Why, despite discussions, India is still cautious of China


For centuries, India and China have shared a long and uneasy border defined not only by mountains and rivers but also by a history of recurring conflicts. Although both nations have repeatedly attempted to ease tensions through dialogue, ministerial visits, and announcements of disengagement, mistrust continues to loom over the relationship. Each round of negotiations appears to reduce hostility only temporarily, without ever addressing the deeper fractures that define their ties.

Behind every official handshake lies Beijing’s steadfast alliance with Islamabad, a partnership that consistently complicates New Delhi’s calculus. China’s extensive military and economic cooperation with Pakistan—ranging from advanced weapons transfers to support for infrastructure corridors running through disputed territory—represents a direct challenge to India. This enduring “iron brotherhood” means that India’s relationship with China is never simply bilateral; it is overshadowed by China’s parallel and unwavering support for Pakistan.

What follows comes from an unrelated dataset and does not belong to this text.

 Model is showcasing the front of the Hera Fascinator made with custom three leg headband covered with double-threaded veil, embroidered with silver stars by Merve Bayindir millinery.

The broader global context adds further complexity. As the United States under former President Donald Trump wages tariff wars with Beijing and redraws strategic alignments, some analysts speculate that India may find itself drawn closer to China. Yet the dilemma for New Delhi is not merely whether such a partnership is possible but whether it is wise. The elephant and the dragon may share economic ties worth over $100 billion, but the fault lines of trust remain as sharp as ever.

This fragility was on full display with Chinese Foreign Minister Wang Yi’s two-day visit to New Delhi, officially framed as an opportunity to reset bilateral ties. Wang met India’s External Affairs Minister S. Jaishankar, National Security Advisor Ajit Doval, and Prime Minister Narendra Modi, even as speculation grew about Modi’s possible first trip to China in seven years. Yet, the optics could not obscure the reality: nearly five years after the deadly Galwan clashes, 50,000 to 60,000 troops remain stationed along the Line of Actual Control. The standoff is not resolved; it has only hardened into a tense stalemate.

Compounding this mistrust is Beijing’s strategic embrace of Islamabad. Wang Yi’s decision to travel to Pakistan immediately after visiting India highlights the dual-track diplomacy that leaves New Delhi wary. While Chinese officials speak of stabilising relations with India, their government continues to provide Pakistan with submarines, fighter jets, and political backing. Beijing has repeatedly defended Pakistan diplomatically, even in the wake of Indian counterterrorism strikes, and recently hosted Pakistan’s army chief, General Asim Munir. To Indian observers, these moves signal that China speaks the language of peace in New Delhi but deepens military cooperation in Islamabad.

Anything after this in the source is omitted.